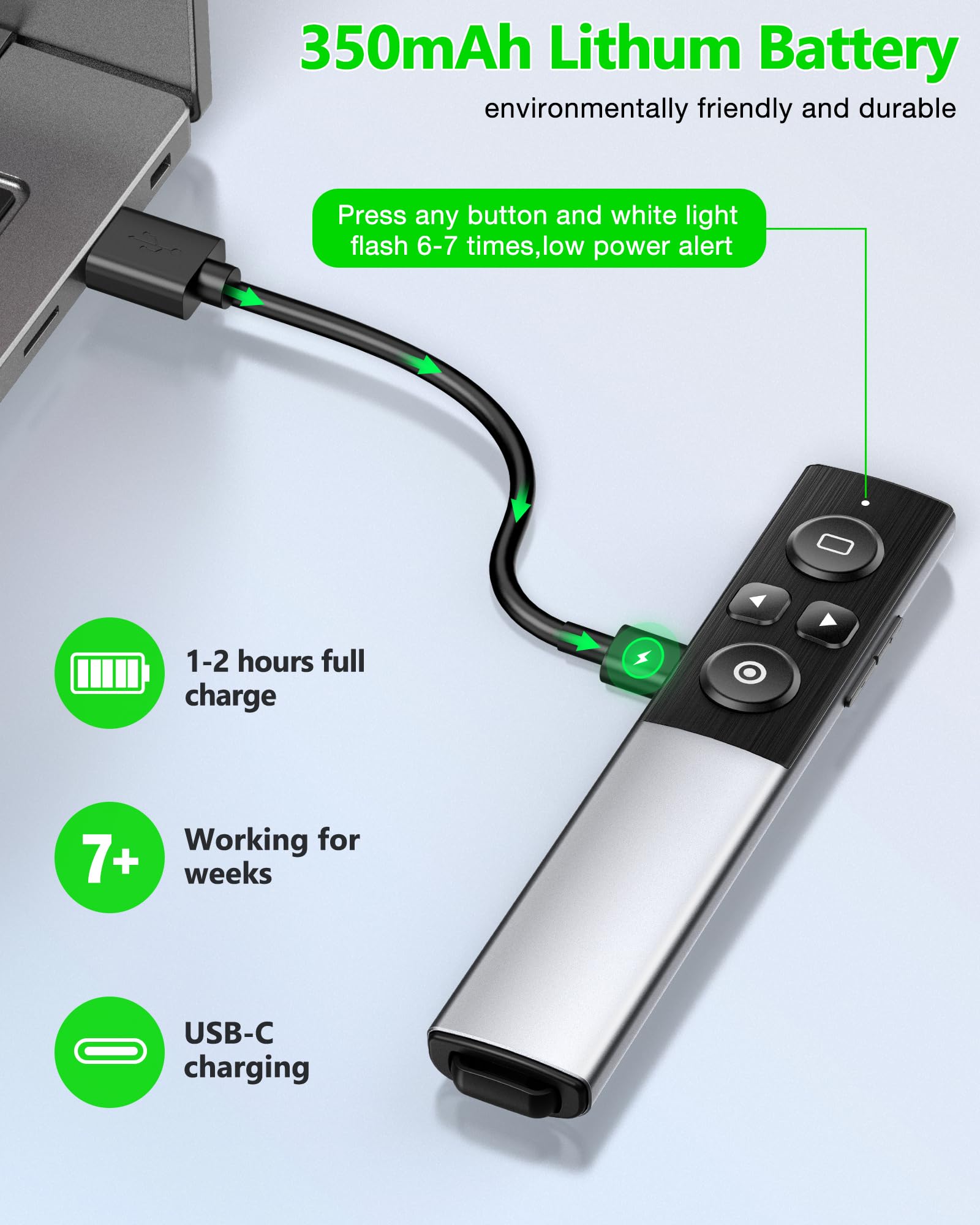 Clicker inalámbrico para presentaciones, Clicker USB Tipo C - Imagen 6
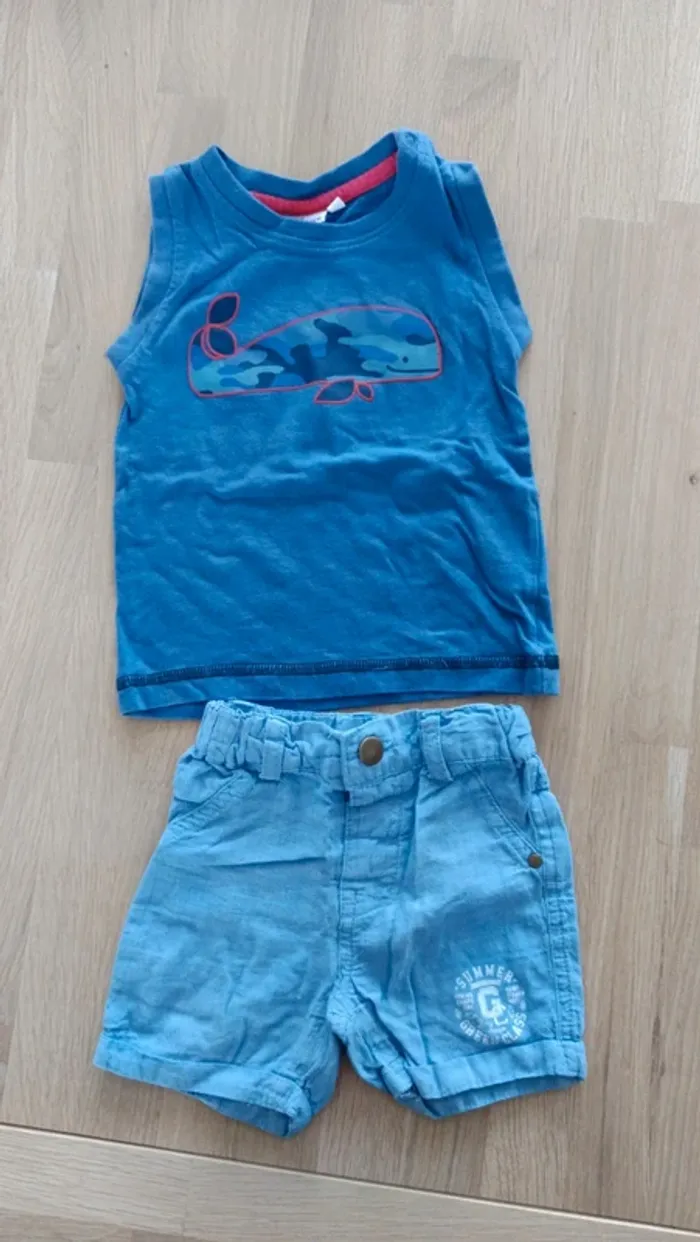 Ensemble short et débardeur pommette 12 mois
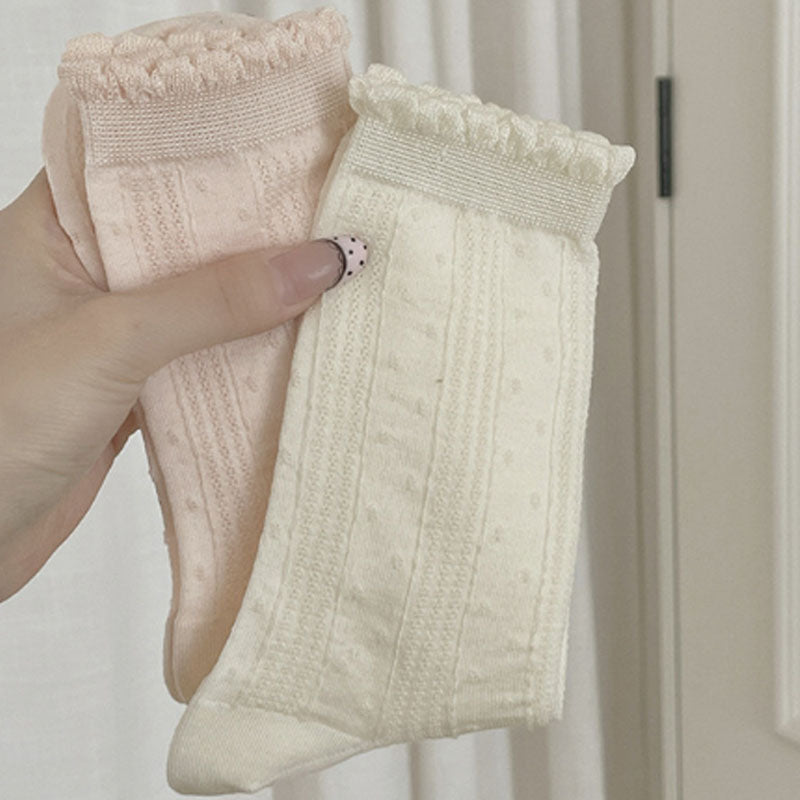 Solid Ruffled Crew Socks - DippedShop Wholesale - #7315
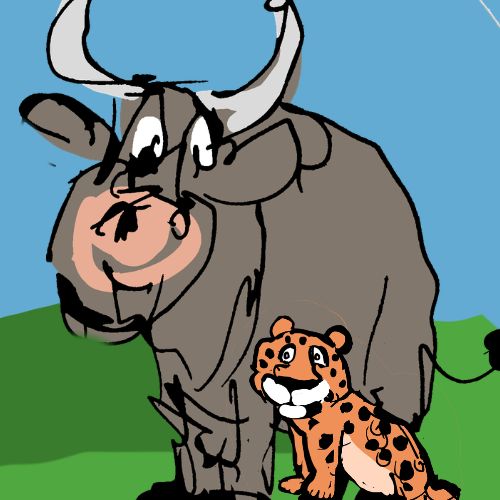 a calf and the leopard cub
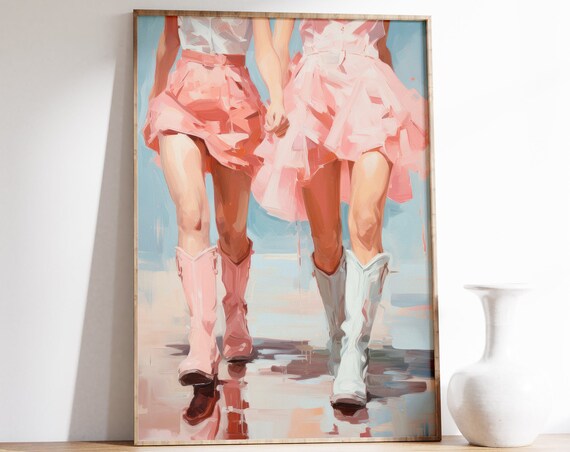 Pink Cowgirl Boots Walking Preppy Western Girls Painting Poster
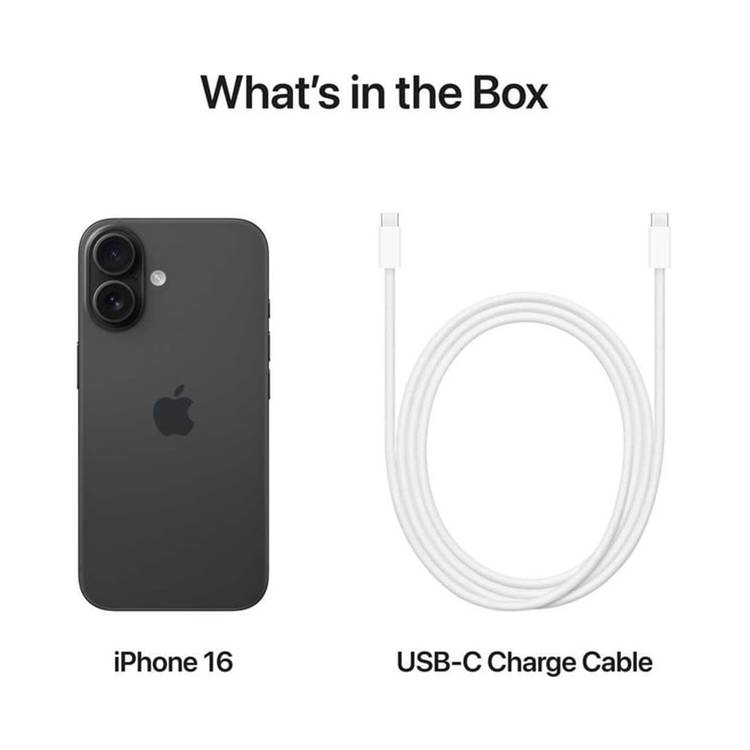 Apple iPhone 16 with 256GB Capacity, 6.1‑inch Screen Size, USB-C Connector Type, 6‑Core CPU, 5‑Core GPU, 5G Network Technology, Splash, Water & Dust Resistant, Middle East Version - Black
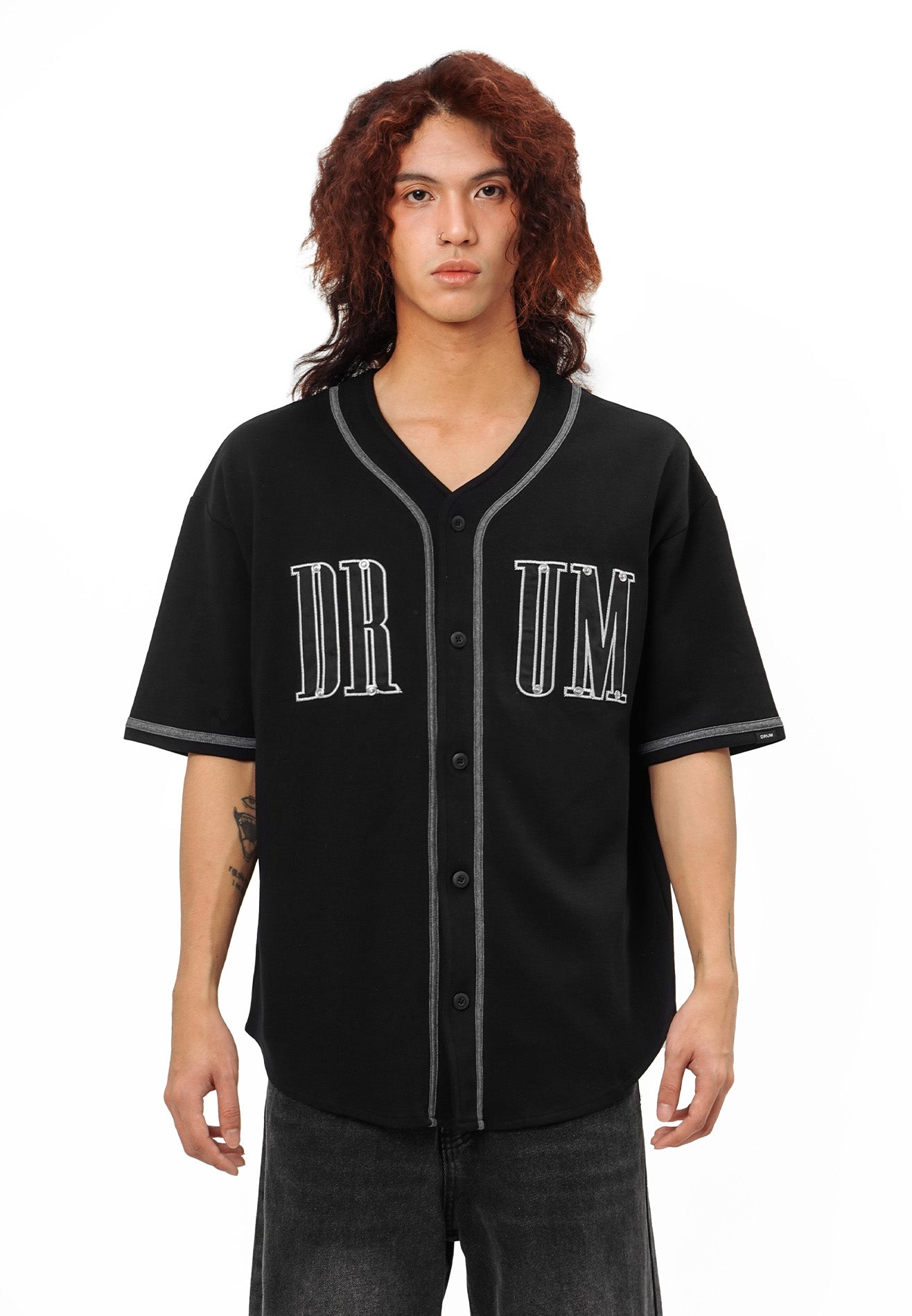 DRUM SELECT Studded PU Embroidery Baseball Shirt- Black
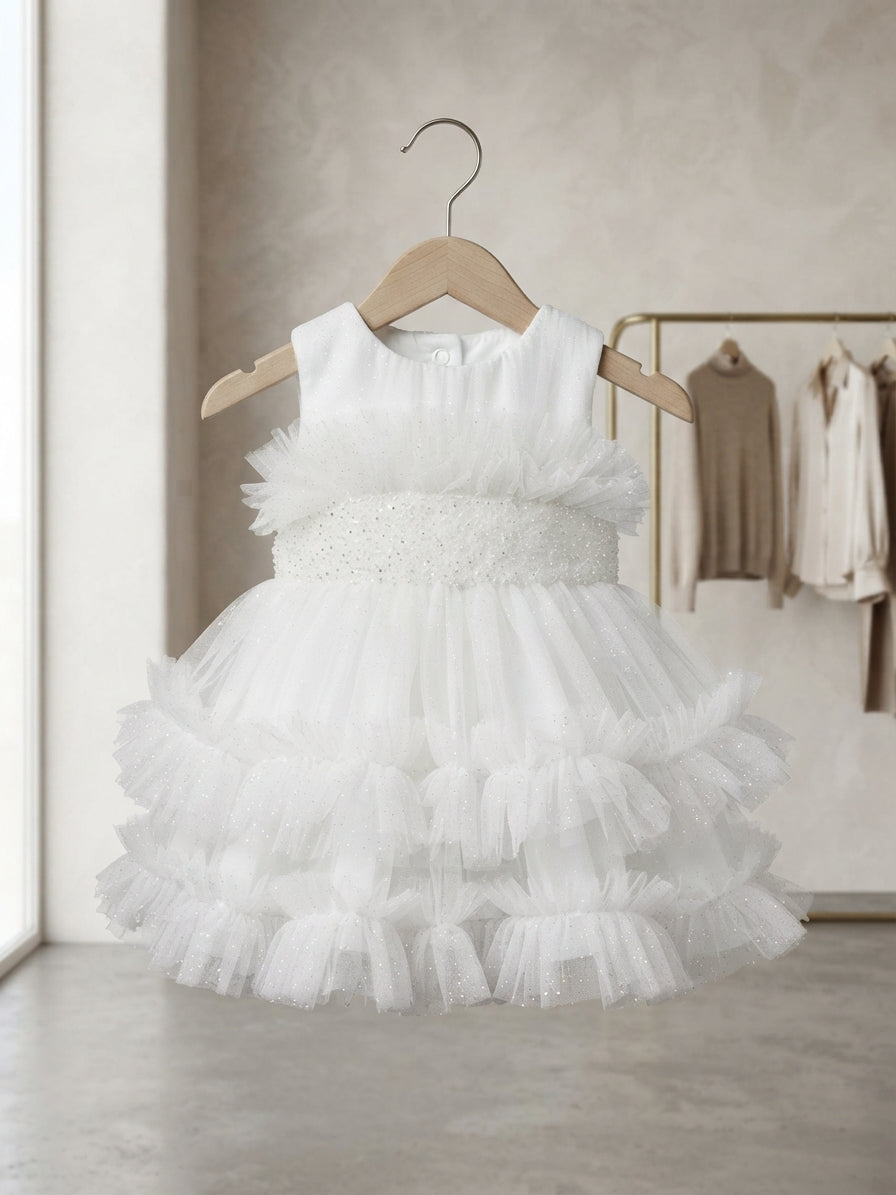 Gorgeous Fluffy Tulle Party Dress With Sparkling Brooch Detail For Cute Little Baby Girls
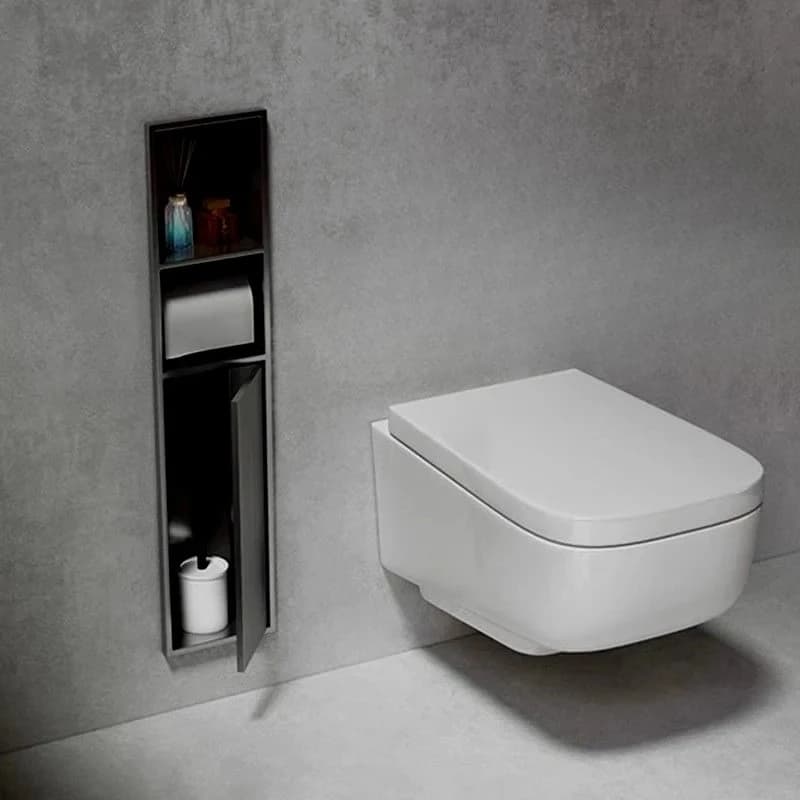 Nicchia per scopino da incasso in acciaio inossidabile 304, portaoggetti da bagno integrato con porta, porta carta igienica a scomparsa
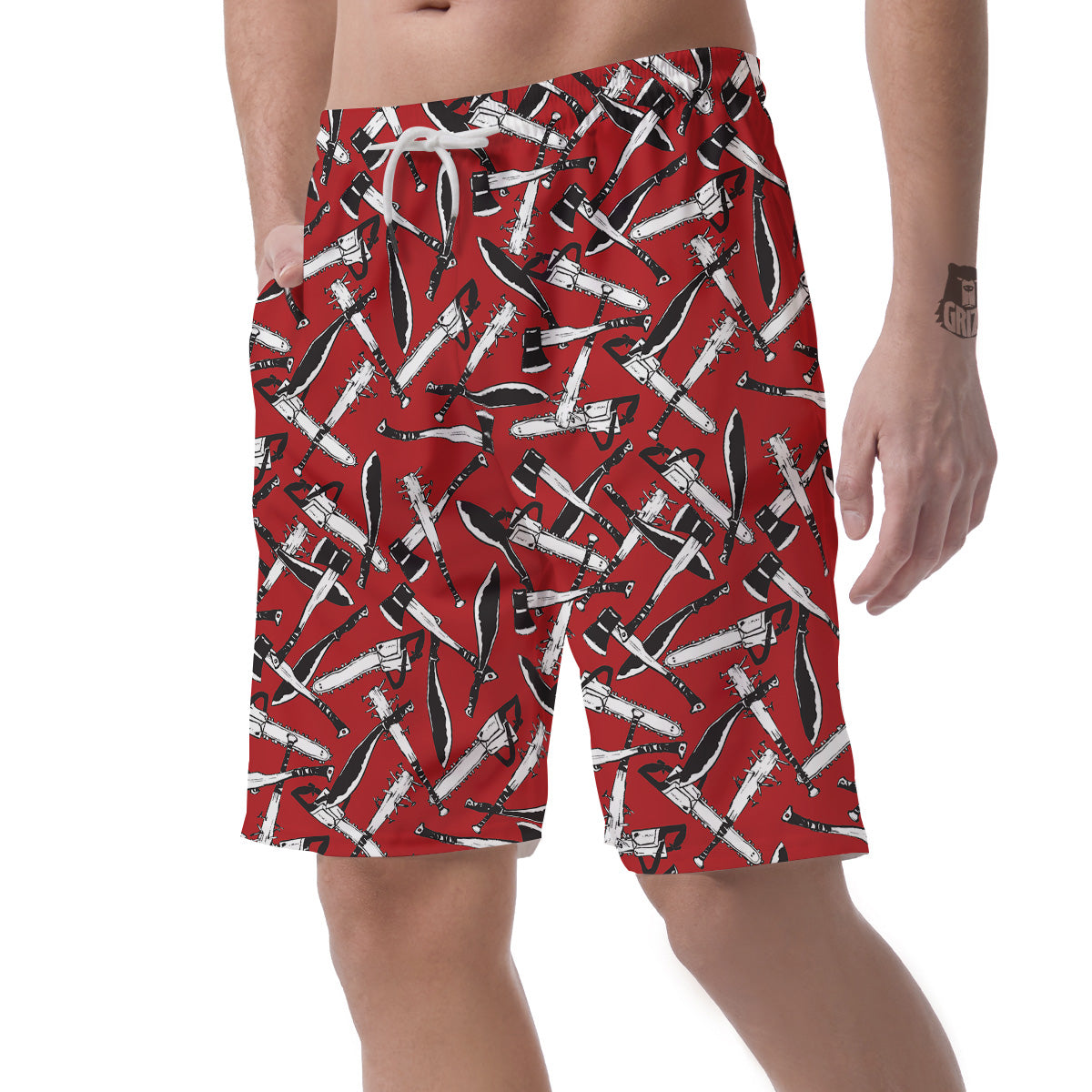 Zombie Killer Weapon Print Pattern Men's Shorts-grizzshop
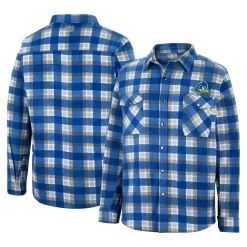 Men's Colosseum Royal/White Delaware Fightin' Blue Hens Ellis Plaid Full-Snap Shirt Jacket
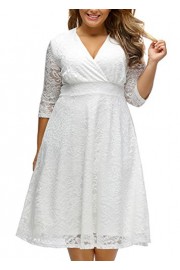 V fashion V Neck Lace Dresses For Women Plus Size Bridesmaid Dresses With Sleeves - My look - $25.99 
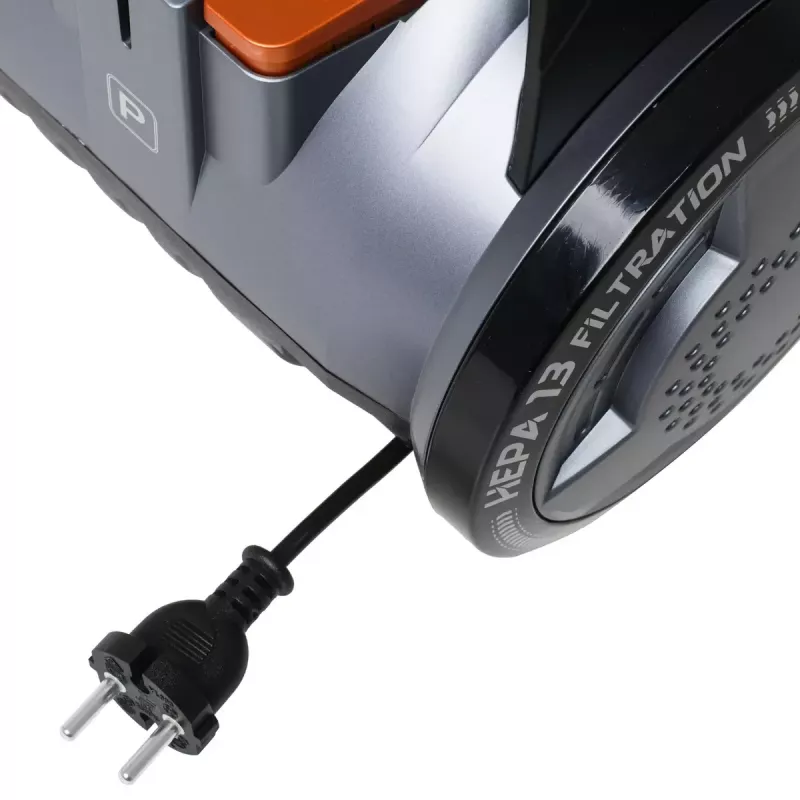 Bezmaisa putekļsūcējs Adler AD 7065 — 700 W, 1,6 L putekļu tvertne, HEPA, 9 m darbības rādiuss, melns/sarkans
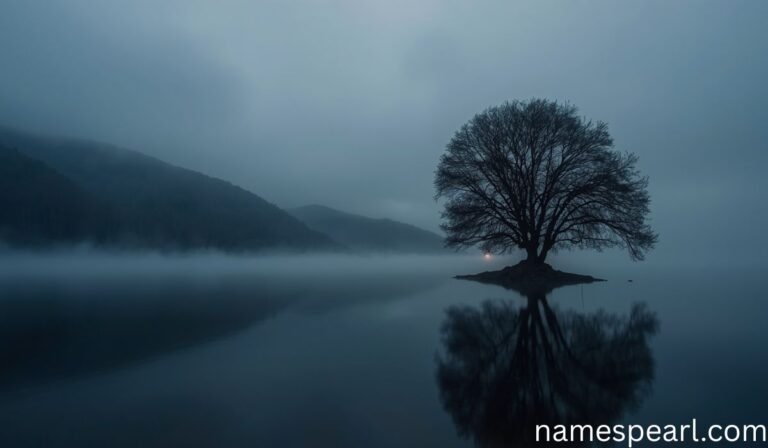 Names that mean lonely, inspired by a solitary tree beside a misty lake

────────────────────

- What to do -
The full data, repeated exactly and stripped of its pictures, is the expected answer.

- Answer below -
 Clicker inalámbrico para presentaciones, Clicker USB Tipo C - Imagen 6
 Ensemble short et débardeur pommette 12 mois
 Solid Ruffled Crew Socks - DippedShop Wholesale - #7315
 a calf and the leopard cub
 Pink Cowgirl Boots Walking Preppy Western Girls Painting Poster
 Apple iPhone 16 with 256GB Capacity, 6.1‑inch Screen Size, USB-C Connector Type, 6‑Core CPU, 5‑Core GPU, 5G Network Technology, Splash, Water & Dust Resistant, Middle East Version - Black
 DRUM SELECT Studded PU Embroidery Baseball Shirt- Black
 Gorgeous Fluffy Tulle Party Dress With Sparkling Brooch Detail For Cute Little Baby Girls
 Nicchia per scopino da incasso in acciaio inossidabile 304, portaoggetti da bagno integrato con porta, porta carta igienica a scomparsa
 Zombie Killer Weapon Print Pattern Men's Shorts-grizzshop
 Men's Colosseum Royal/White Delaware Fightin' Blue Hens Ellis Plaid Full-Snap Shirt Jacket
 V fashion V Neck Lace Dresses For Women Plus Size Bridesmaid Dresses With Sleeves - My look - $25.99 
 Bezmaisa putekļsūcējs Adler AD 7065 — 700 W, 1,6 L putekļu tvertne, HEPA, 9 m darbības rādiuss, melns/sarkans
 Names that mean lonely, inspired by a solitary tree beside a misty lake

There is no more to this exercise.